But Jesus speaks of love in the context of one disciple, who has been with him for years, who has shared meals and seen the miracles and heard his words, going to the very people who want Jesus dead and saying, “I’m your man.” He speaks of love in the context of another disciple, a member of his inner circle, who saw the glory of the Mount of Transfiguration, who stepped out of the boat and walked on water, trembling in fear before a little servant girl and using the vilest of words to swear that he never knew Jesus.

How can Jesus talk of love at a time like this? And even if Jesus can love Judas… even if Jesus can love Peter… how can he seriously expect us to love like that?

I think that we, too often, confuse the idea of “loving” with “liking a lot.” I was reading something this week by Delmer Chilton. He pointed out that in our culture, love is almost always associated with romantic love, what in Greek is designated by the word eros. So to love is to have intense feelings of affection for another human being.

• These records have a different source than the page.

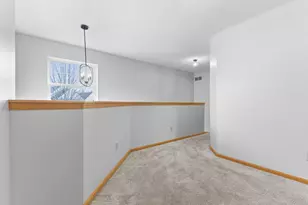 8716 N Bay Dr, Chanhassen, MN 55317 - Photo 17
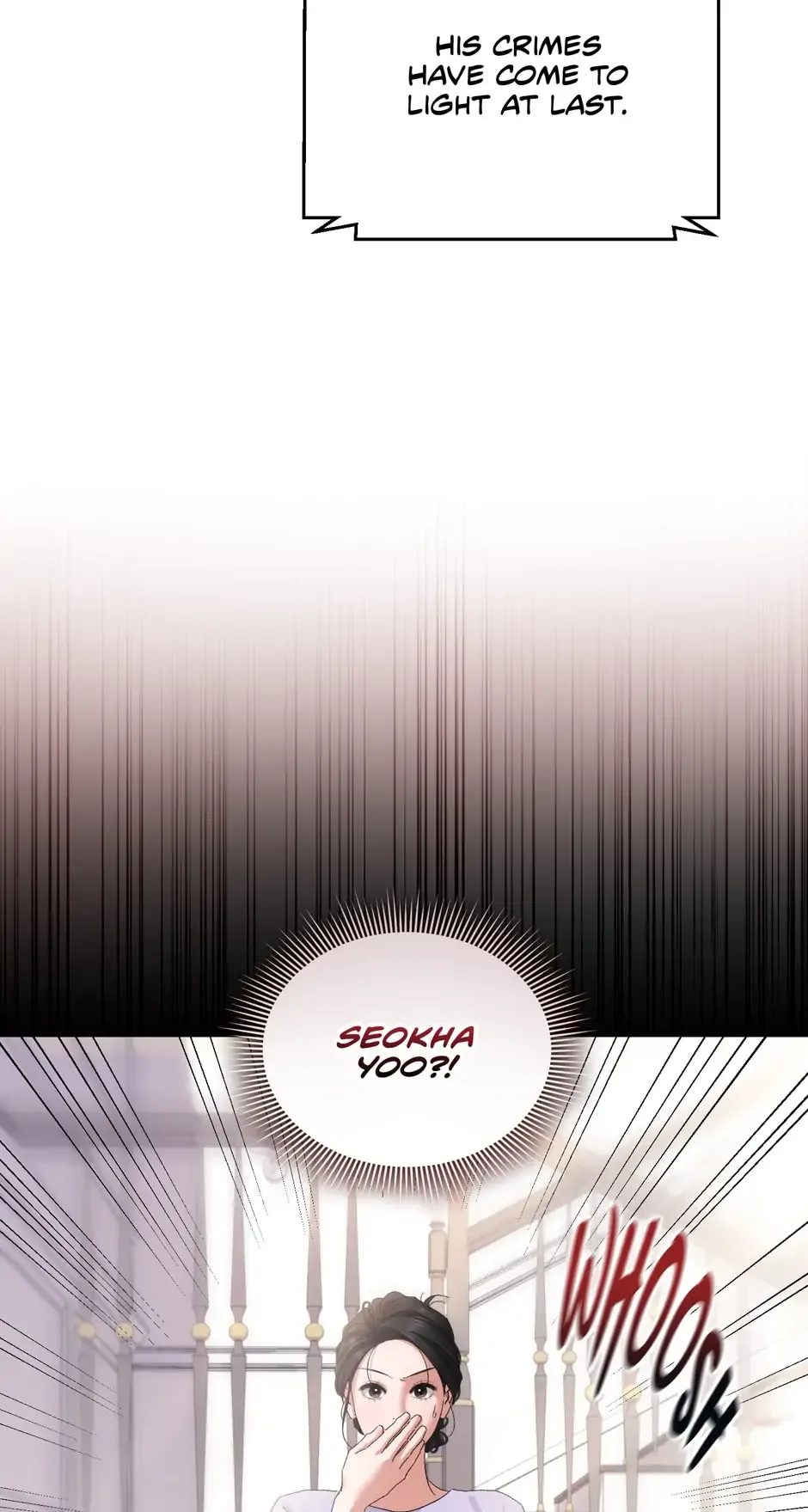 Apollo’s Heart Chapter 33 page 44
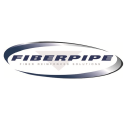 Fiberpipe Holdings (Pty) Ltd Logo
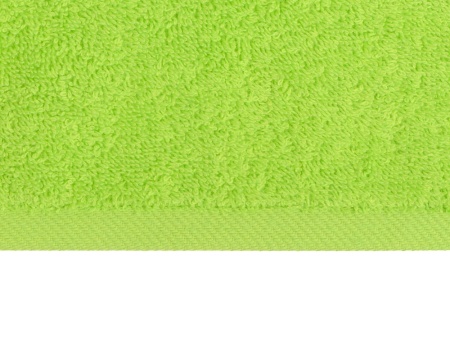 Полотенце Terry 450, M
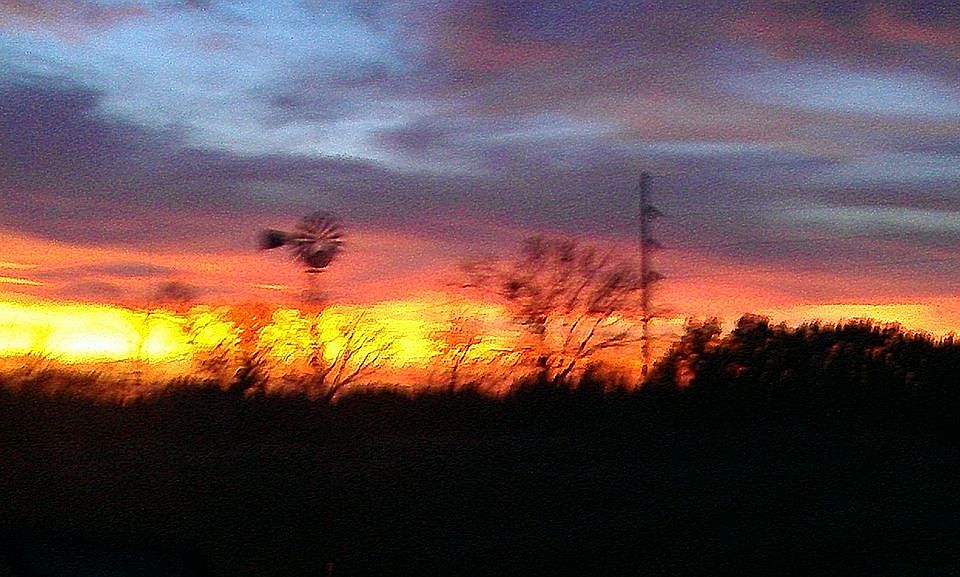 1st image of 11851 Fm 963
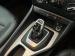 BMW X1 sDRIVE20iautomatic - Thumbnail 9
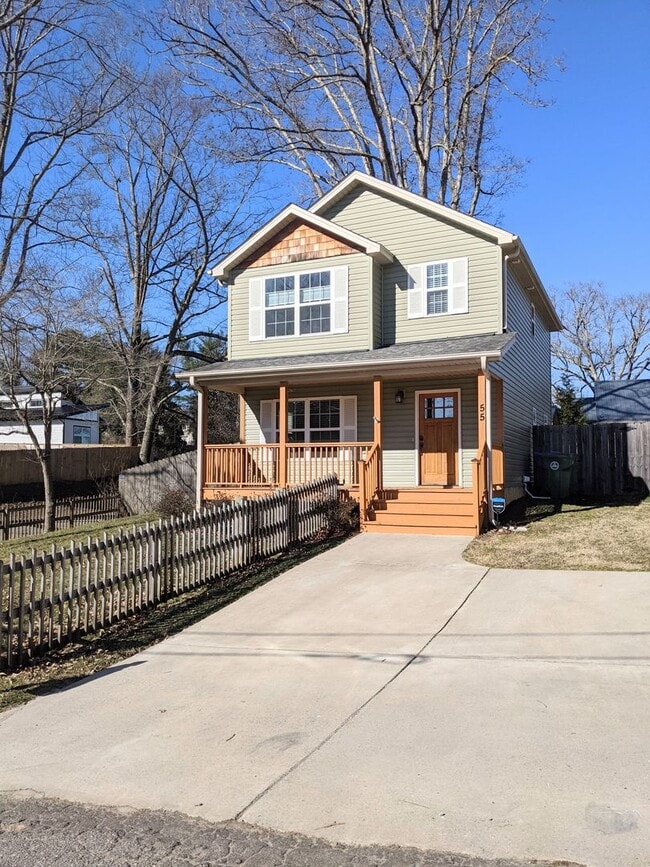 Photo - Oakley Rental!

We also associate love with friendship, the Greek philea, as in Philadelphia, the city of brotherly love. And again, this is a natural thing, not something that can be commanded, for crying out loud. We like some people and others we don’t. We get along with some people, with others we don’t.

Marriage is usually a combination of eros and philea, as well it should be. Friends we make along life’s way, people we just like being around, this is mostly philea, affinity and affection.
All this is natural and cannot be commanded.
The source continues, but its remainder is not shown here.